-- Opening Marker --
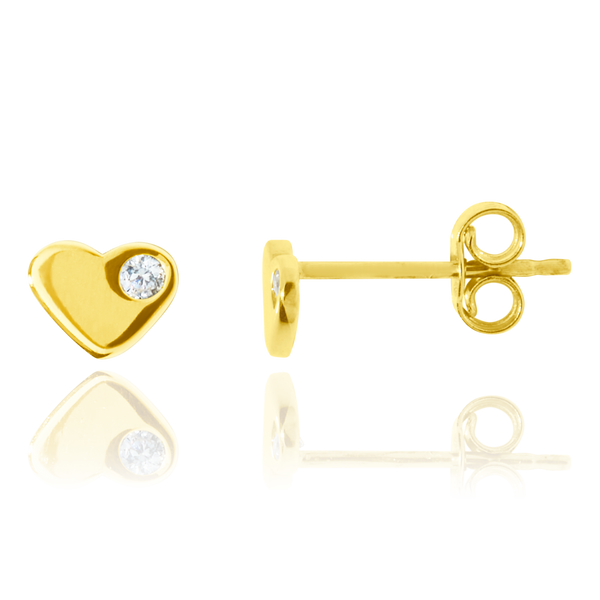 Boucles d'oreilles en forme de cœur serti d'un zirconium serti clos, en Or Jaune 18 Carats - 750/000.  Offrir une boucle d'oreille c'est être sûr que le cadeau plaira.   CARACTERISTIQUES :  Diamètre (mm) : 4.50 Poids (gr) : 0.66      Matière : Or 18 Carats - 750/000 20256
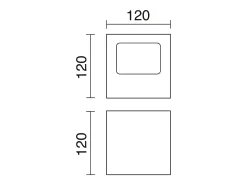 Aplique em alumínio estilo moderno BRICK - Largura 12 x Altura 12 cm - alumínio escovado - LED SMD 2x 5W - 3K - para cima e para baixo - 67º - IP44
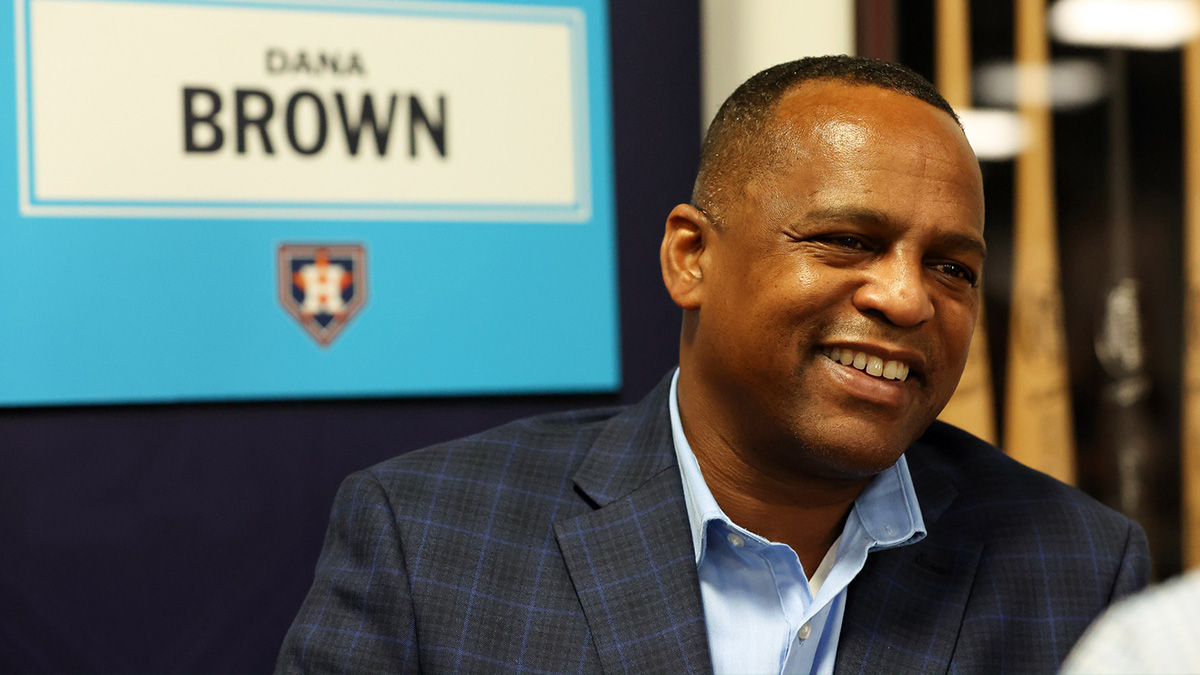 Houston Astros general manager Dana Brown talks with media at George M. Steinbrenner Field.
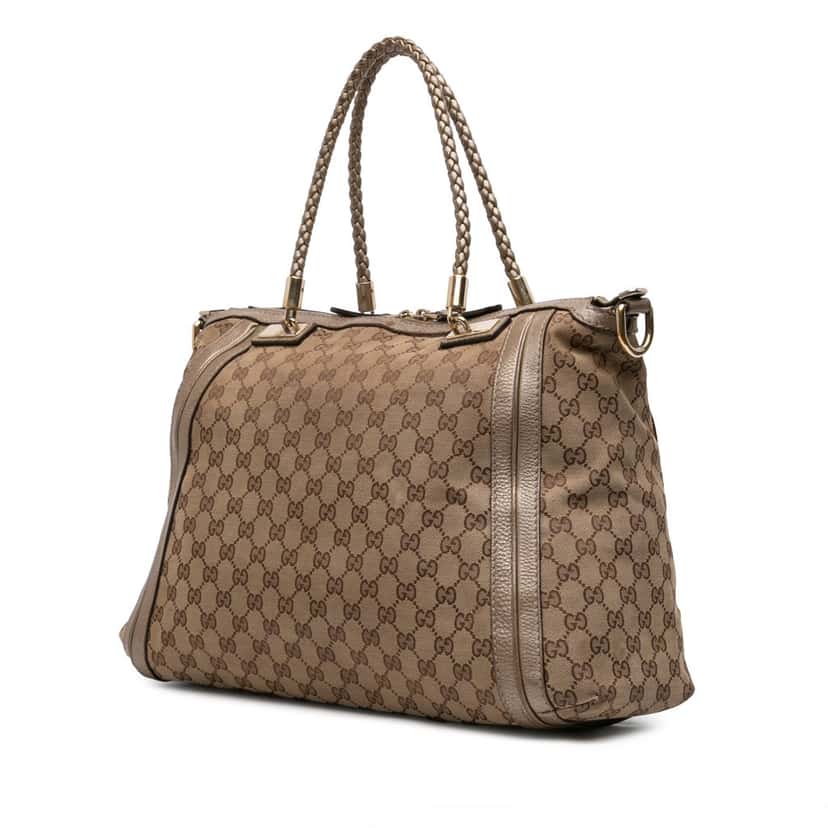 Gucci GG Canvas Bella Convertible Tote Beige Very good condition - Back View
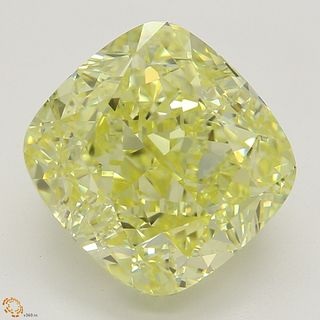 4.02 ct, Natural Fancy Intense Yellow Even Color, IF, Cushion cut Diamond (GIA Graded), Appraised Value: $265,300 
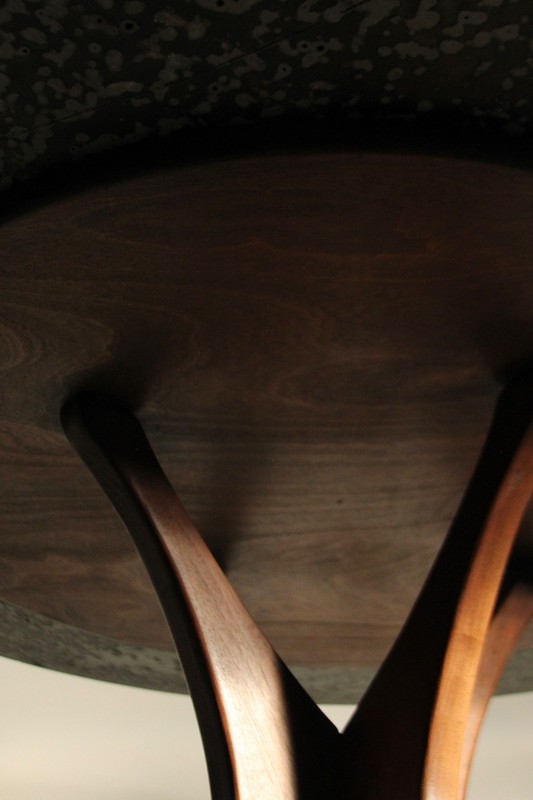 Sculptural Walnut and Slate Dining Table After Vladimir Kagan, 1950s MCM gallery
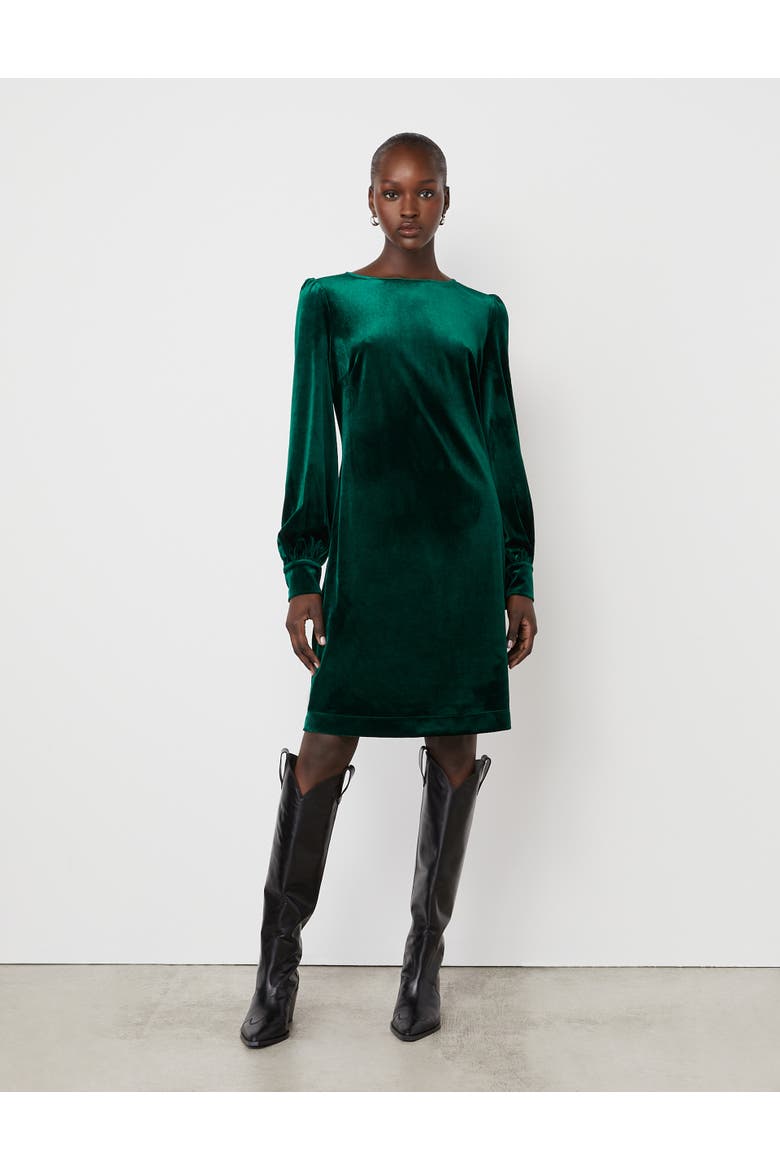 Sandrine Velvet Knee Length Dress, Main, color, Bottle Green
-- Closing Marker --
[WHAT YOU HAVE TO DO] Give the listing again word for word, without its images.

[TASK ANSWER]
 Boucles d'oreilles en forme de cœur serti d'un zirconium serti clos, en Or Jaune 18 Carats - 750/000.  Offrir une boucle d'oreille c'est être sûr que le cadeau plaira.   CARACTERISTIQUES :  Diamètre (mm) : 4.50 Poids (gr) : 0.66      Matière : Or 18 Carats - 750/000 20256
 Aplique em alumínio estilo moderno BRICK - Largura 12 x Altura 12 cm - alumínio escovado - LED SMD 2x 5W - 3K - para cima e para baixo - 67º - IP44
 Houston Astros general manager Dana Brown talks with media at George M. Steinbrenner Field.
 Gucci GG Canvas Bella Convertible Tote Beige Very good condition - Back View
 4.02 ct, Natural Fancy Intense Yellow Even Color, IF, Cushion cut Diamond (GIA Graded), Appraised Value: $265,300 
 Sculptural Walnut and Slate Dining Table After Vladimir Kagan, 1950s MCM gallery
 Sandrine Velvet Knee Length Dress, Main, color, Bottle Green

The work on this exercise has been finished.